我想問一下我怎麼說 ：The deadline for application for the scholarship is Friday. ??

Can I say 

申請獎學金的期限是這個星期五。??

Even if this one is correct (which I don't believe so but...), how can I say it in a more formal manner?

Thanks in advance


----------



## stellari

ouzhantekin said:


> 大家好：
> 
> 我想問一下我怎麼說 ：The deadline for application for the scholarship is Friday. ??
> 
> Can I say
> 
> 申請獎學金的期限是這個星期五。??
> 
> Even if this one is correct (which I don't believe so but...), how can I say it in a more formal manner?
> 
> Thanks in advance



I usually say 截止日期 (lit. 'cut-stop date'). It is a word used frequently both formally and colloquially. For your sentence, it could be

獎學金申請的截止日期是這個星期五
獎學金的申請截止日期是這個星期五
or even
獎學金的申請這個星期五截止

(BTW: I put 申請 after 獎學金 to make this phrase look more like a noun structure as 'the application of scholarship', rather than 申請獎學金, which is a verb-object structure 'applying for scholarship'. It is just my personal preference, and your version is totally acceptable as well.)

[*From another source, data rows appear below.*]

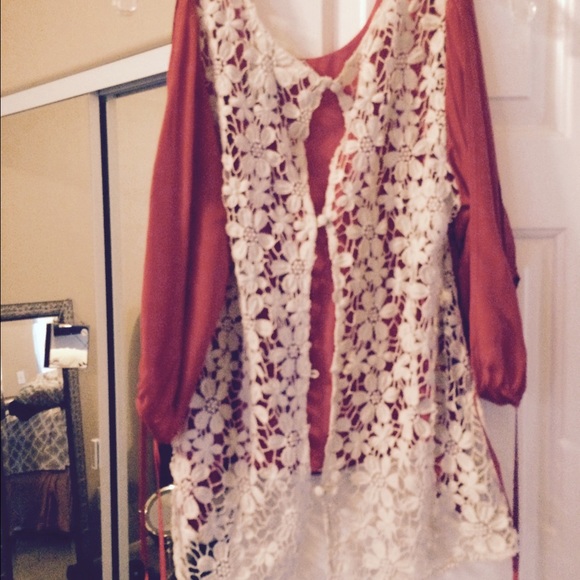 Anthropologie cold shoulder crochet back top - Picture 2 of 3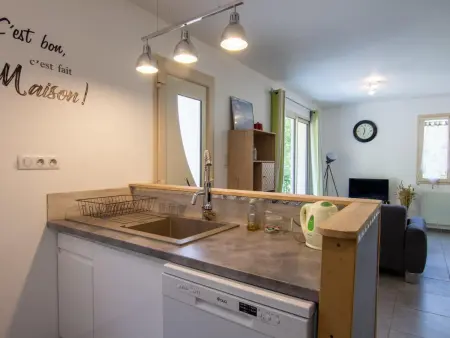 Maison indépendante avec Wi-Fi et parking à Auriac-du-Périgord - Photo 4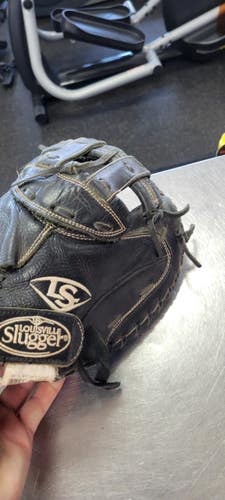Used Louisville Slugger DIVA BB/SB Catchers RH Throw Black 29 1/2" 11497-S000161260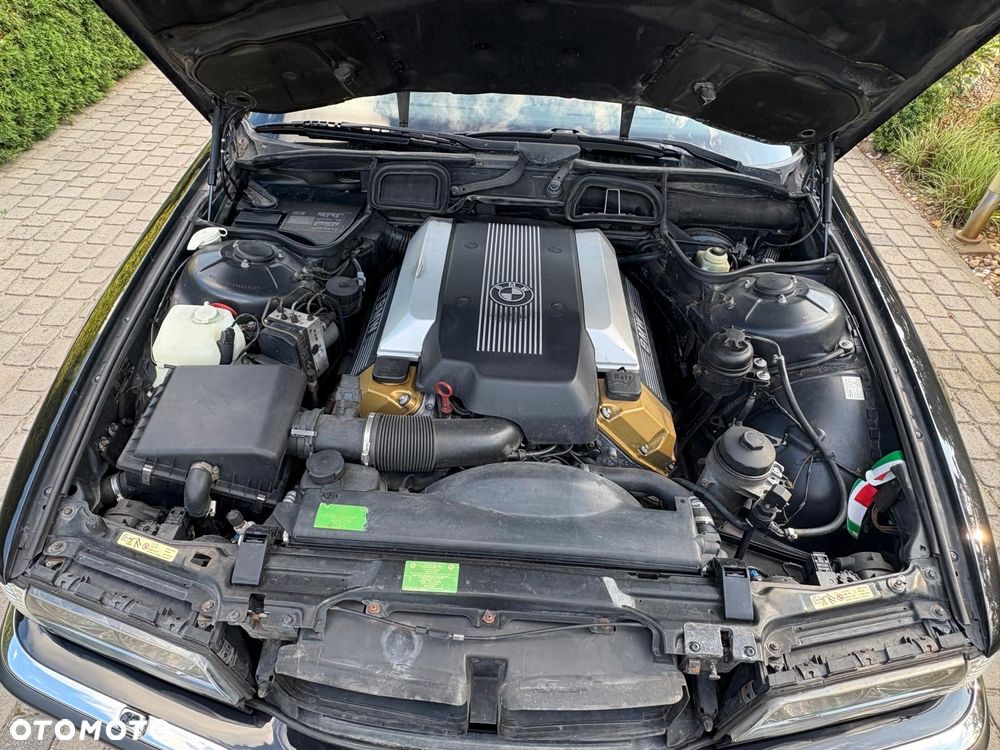BMW Seria 7 735i L - 9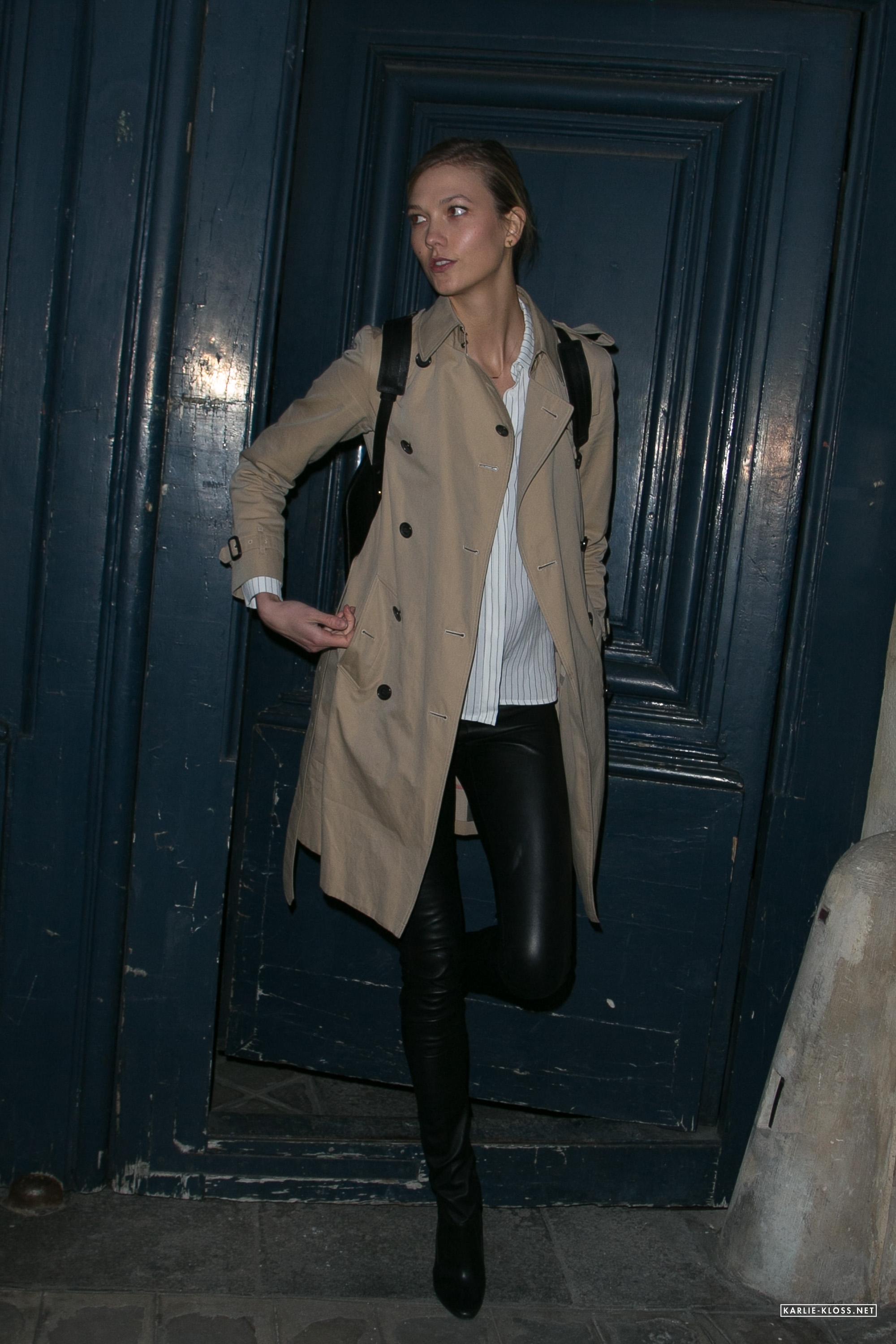 Karlie Kloss leaving Rehearsals In Paris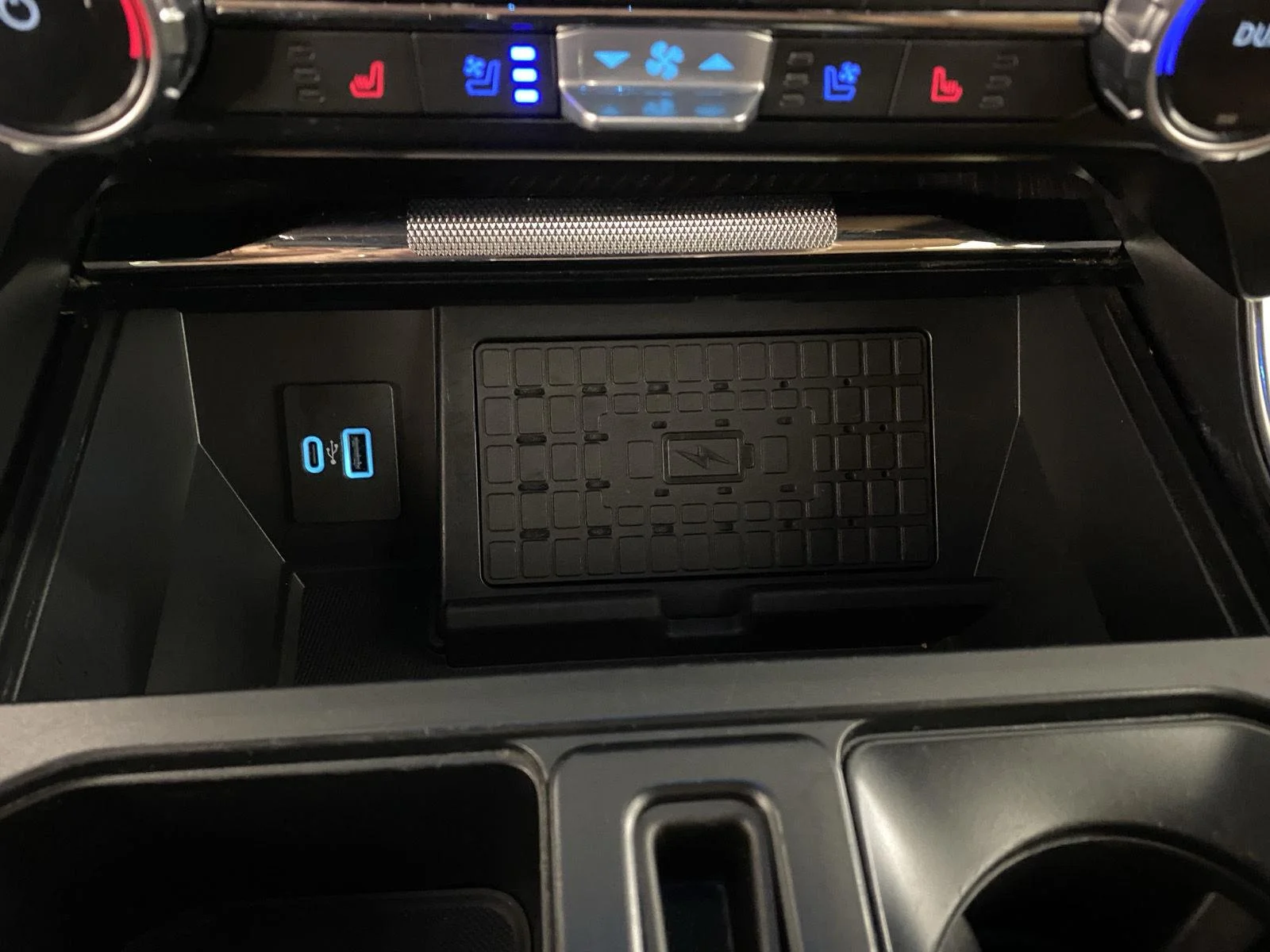 Used 2023 Agate Black Ford Platinum image 12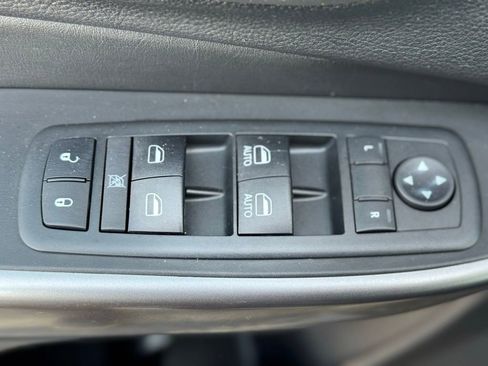 Used 2020 Jeep Cherokee Latitude Plus w/ Cold Weather Group AWD/4WD image 23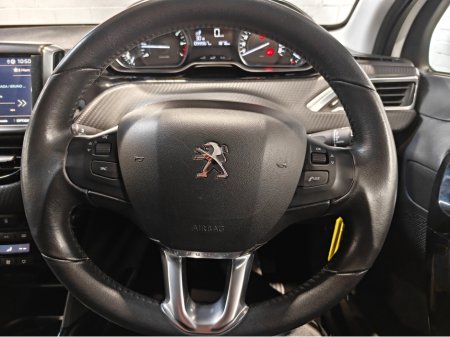 2019 Peugeot 2008 - thumbnail 17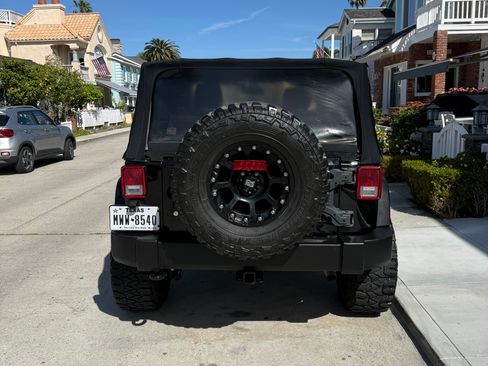 Used 2013 Jeep Wrangler Sport image 14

期限 is also possible, although it more commonly refers to a PERIOD of time, rather than a POINT in the timeline. Note that this is not a strict rule, and people do use 期限 interchangeably with 截止日期, but it is not the best practice to me. Another possibility is 最後期限, which sounds slightly better than 期限 alone in the sense of 'deadline'.


----------



## SuperXW

Glad to tell you that your sentence is correct (Even native Chinese would say this casually) , but since you were asking for a more formal manner, you can refer to stellari's post.


----------



## schur

个人更倾向「本周五」，「这个星期五」太长了。


----------



## ouzhantekin

Thanks every one for your kind replies and sorry for this late reply... You have provided the exact word that I had been looking for Stellari, and thanks for yout insight and encouragement SuperXW, and last but not the least thank you schur for your input with regards to formal vocab .)


----------



## BODYholic

Stellari's translation is good. But for the sake of formality, I would change 這個 to 来临的.

奖学金申请的截止日期是来临的星期五。


----------



## stellari

BODYholic said:


> Stellari's translation is good. But for the sake of formality, I would change 這個 to 来临的.
> 
> 奖学金申请的截止日期是来临的星期五。



when i first came to an english speaking country, i used 'this friday' frequently, and people dont seem to understand me. they kept asking me: do you mean this coming friday?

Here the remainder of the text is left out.